The remaining of this paper is organized as follows. Section 2 reviews the related work. Section 3 details the proposed framework. Section 4 provides the experimental results and comparison between the proposed method and other methods on public datasets. Finally, the conclusions are drawn in Section 5.

2.1. Traffic Sign Detection

Vision-based traffic sign detection can be divided into two groups: traditional method and deep learning-based method. Traditional methods are usually based on hand-crafted features such as color and shape to detect traffic signs. Bahlmann et al. [2] proposed using a set of Haar wavelet features obtained from AdaBoost training to detect traffic signs and Bayesian generative modeling for classification. Salti et al. [3] proposed an approach based on interest region extraction rather than sliding window detection. In addition, the SVM classifier which takes histogram of oriented gradients in the regions of interest as the input feature is used for classification.

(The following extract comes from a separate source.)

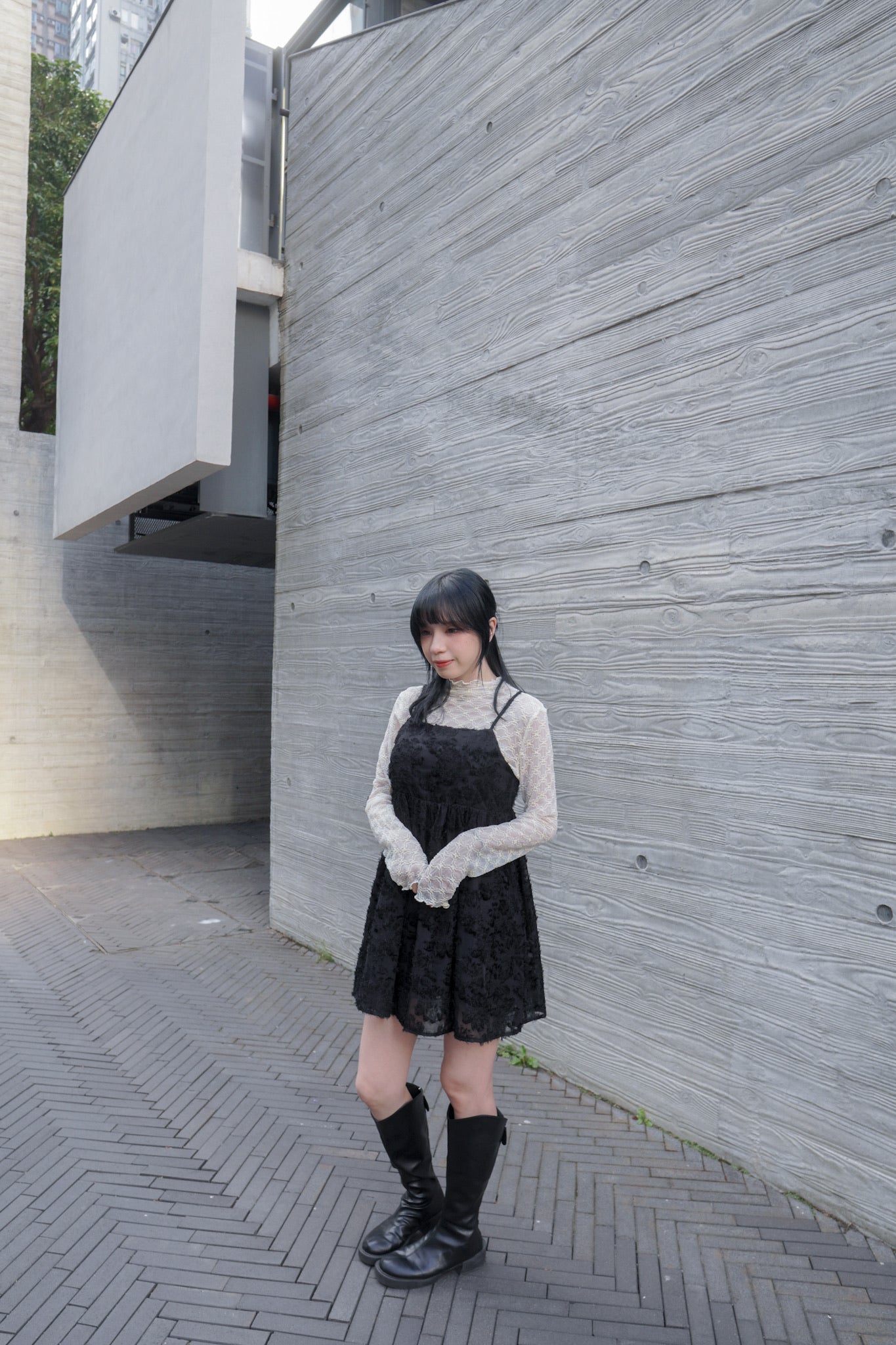 <現貨> 羽毛提花鏤空綁帶短連衣裙OPs｜兩色入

In [4], the authors utilized circle detection algorithm and an RGB-based color thresholding technique to detect traffic sign. For traffic sign recognition, an ensemble of features including histogram of oriented gradients, local binary patterns, and Gabor features is employed within a support vector machine classification framework. Timofte et al. [5] proposed to combine 2D and 3D techniques to improve results of traffic sign detection and recognition. In [6], a localization refinement approach for traffic sign candidates was proposed. Color and shape priors are utilized in an iterative optimization approach to accurately segment the traffic signs as foreground objects. In [7], the authors proposed a system with three working stages: image preprocessing, detection, and recognition. The proposed system demonstrated that using RGB color segmentation and shape matching followed by a support vector machine classifier leads to promising results. Manual features, such as histogram of oriented gradients and enhancement information of typical color or geometric shape, tend to fail in many difficult driving environments. Thus, traditional methods for traffic sign detection showed poor performance.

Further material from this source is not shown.